Source information:
########################################
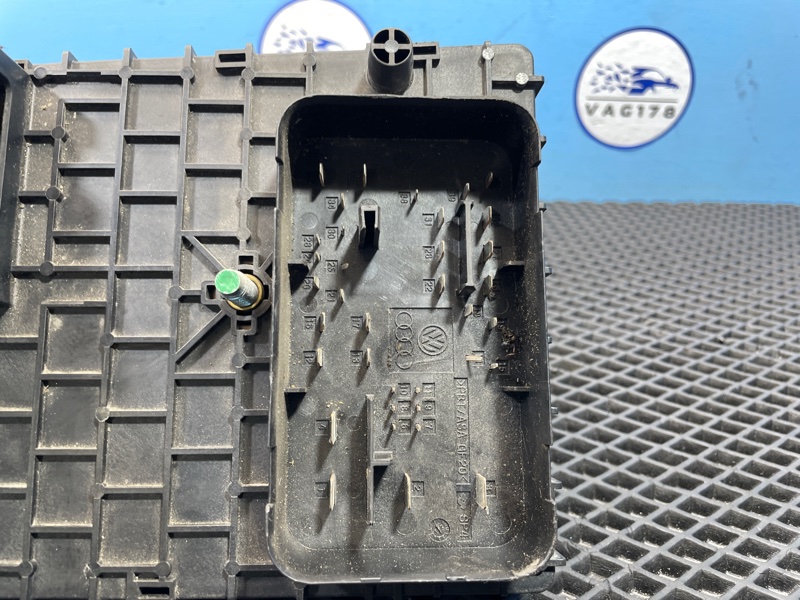 Блок предохранителей, 1000 рублей, Санкт-Петербург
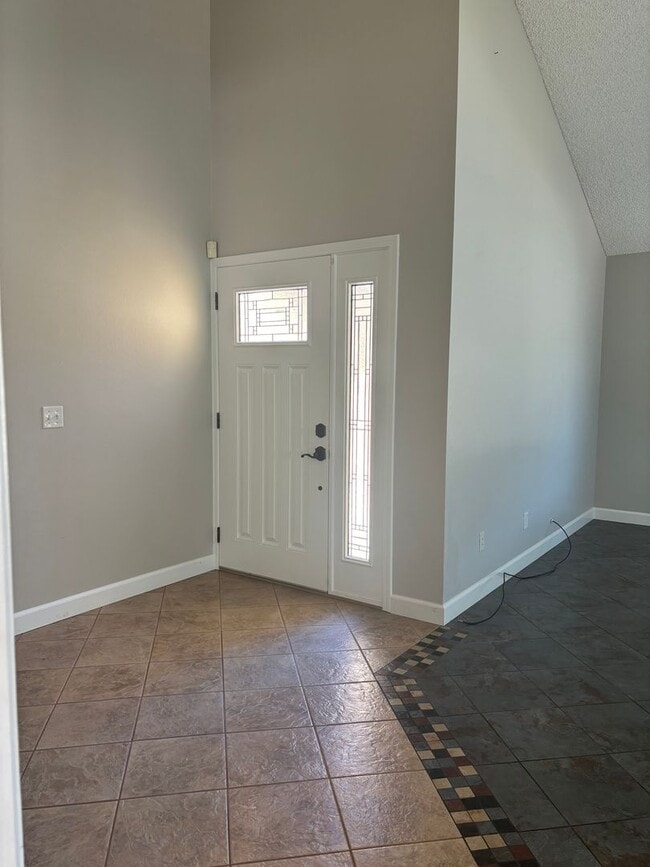 Building Photo - Lovely 3 bedroom single story home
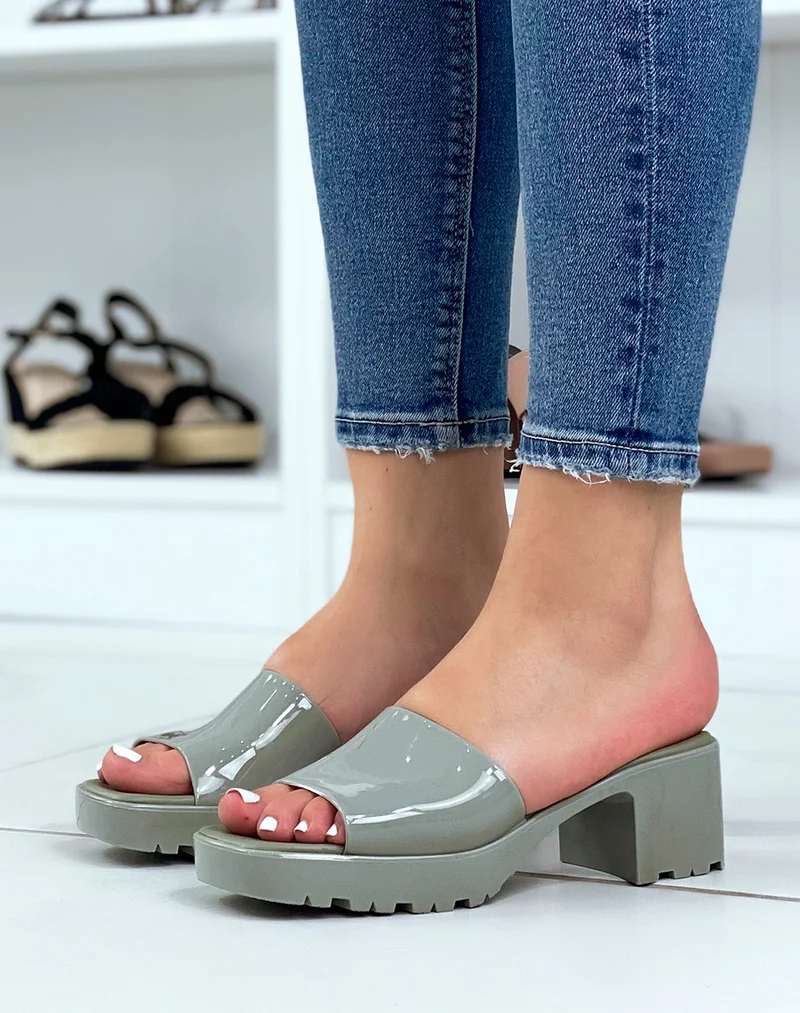 Mules vertes vernis à petit talon carré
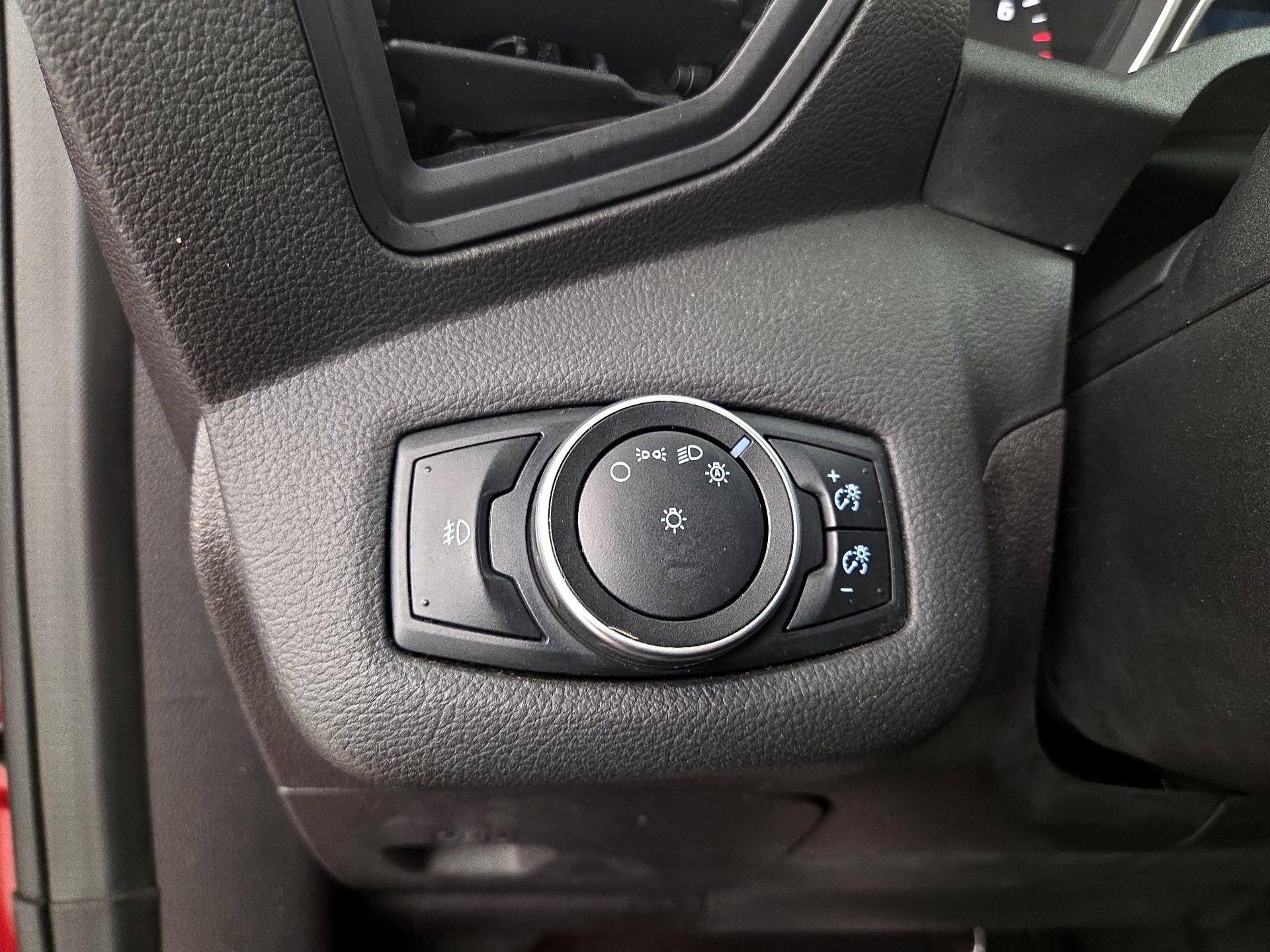 Thumbnail: 2016 Ford Escape - 13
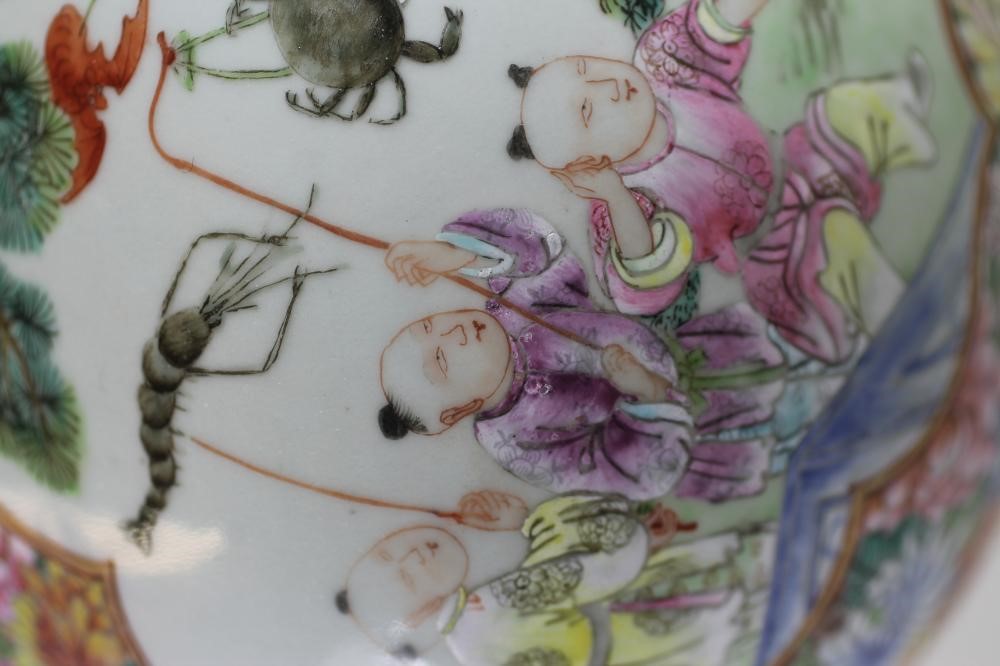 A CHINESE PORCELAIN VASE of baluster form Image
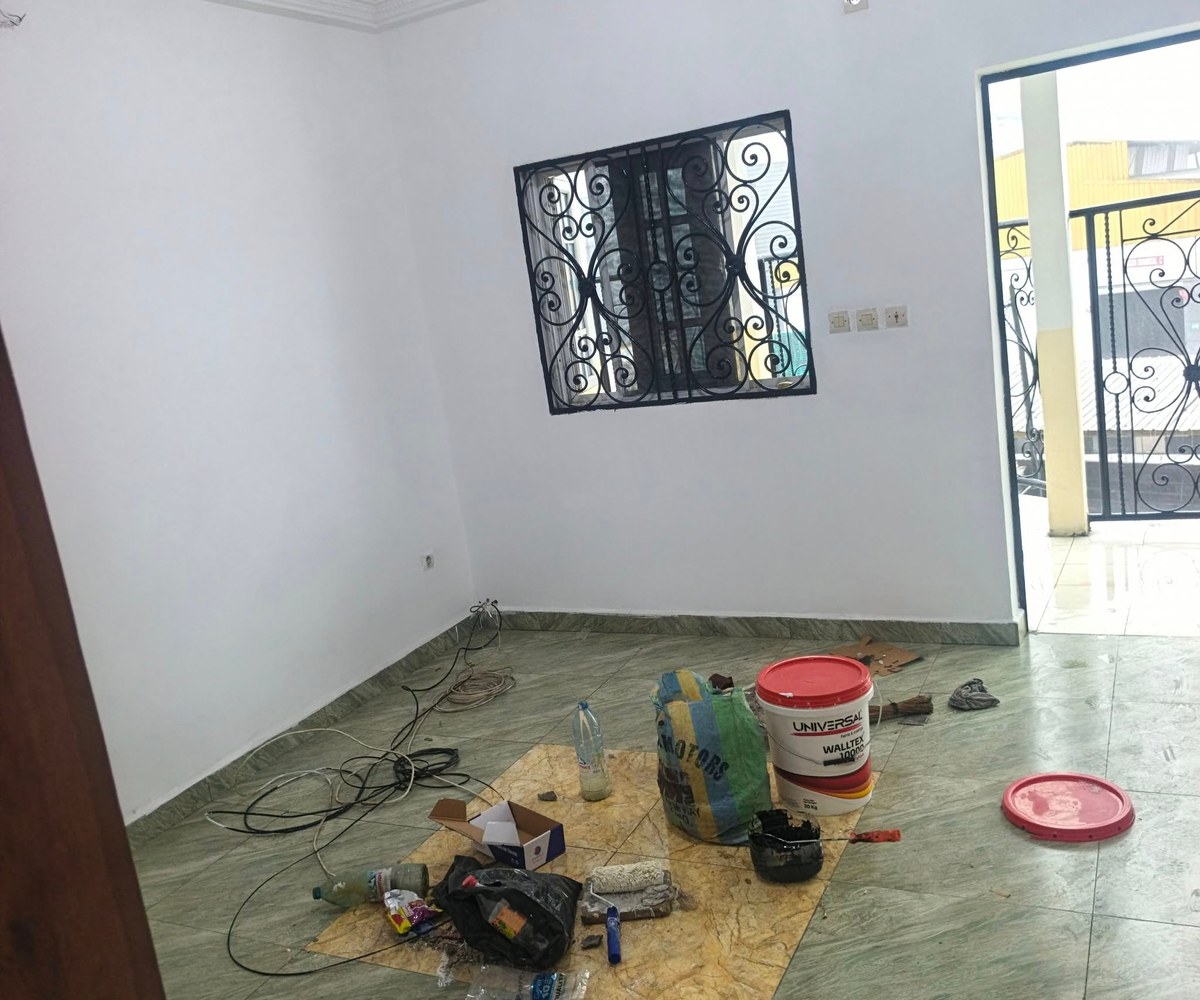 Studio moderne à louer – PK8, Douala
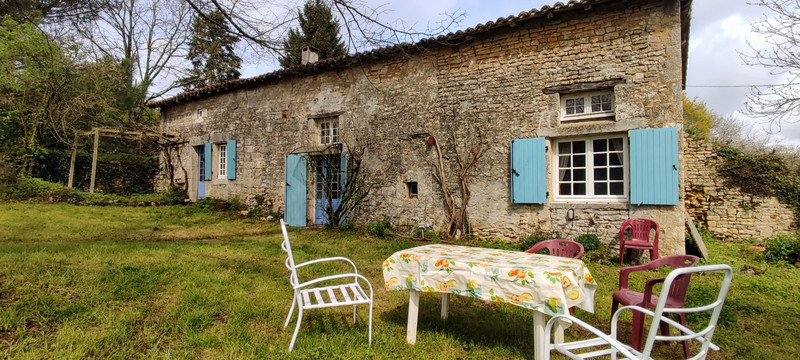 Maison à Cellefrouin, Charente - photo 1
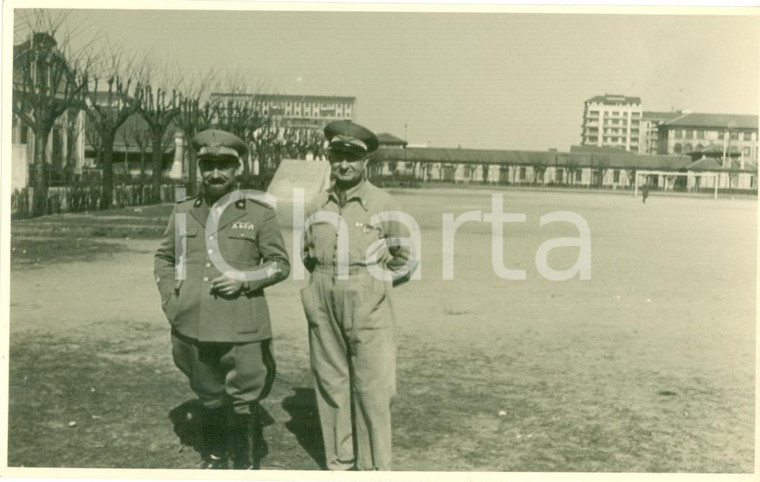 1940 ca SAN VITTORE OLONA (MI) WWII Ufficiali esercito nel campo da calcio *Foto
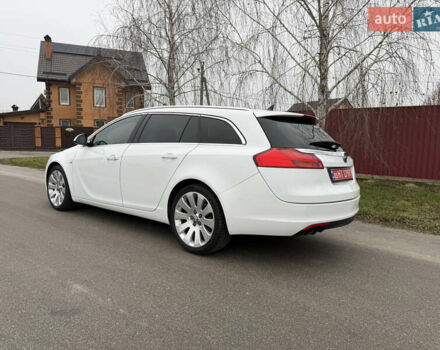 Белый Опель Инсигния, объемом двигателя 1.6 л и пробегом 210 тыс. км за 8000 $, фото 4 на Automoto.ua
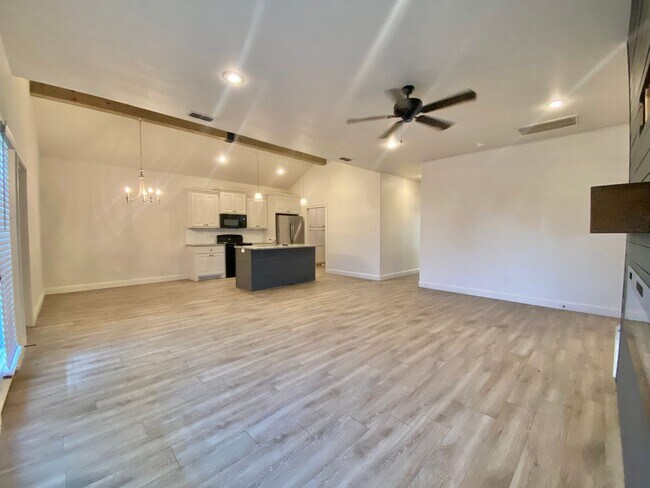 Building Photo - 1602 102nd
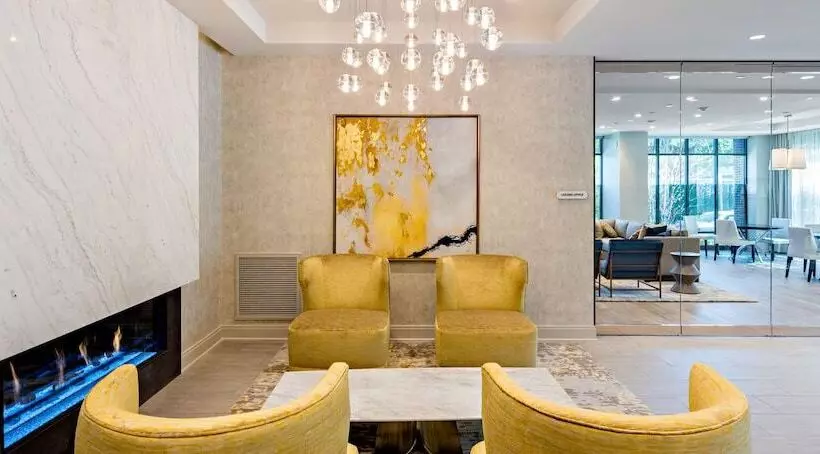 Hostelli Kings Point Lux Suites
########################################
Retype only the lines above from the one with "1940 ca SAN" through the last, both ends included, keeping every picture out of the copy.

 1940 ca SAN VITTORE OLONA (MI) WWII Ufficiali esercito nel campo da calcio *Foto
 Белый Опель Инсигния, объемом двигателя 1.6 л и пробегом 210 тыс. км за 8000 $, фото 4 на Automoto.ua
 Building Photo - 1602 102nd
 Hostelli Kings Point Lux Suites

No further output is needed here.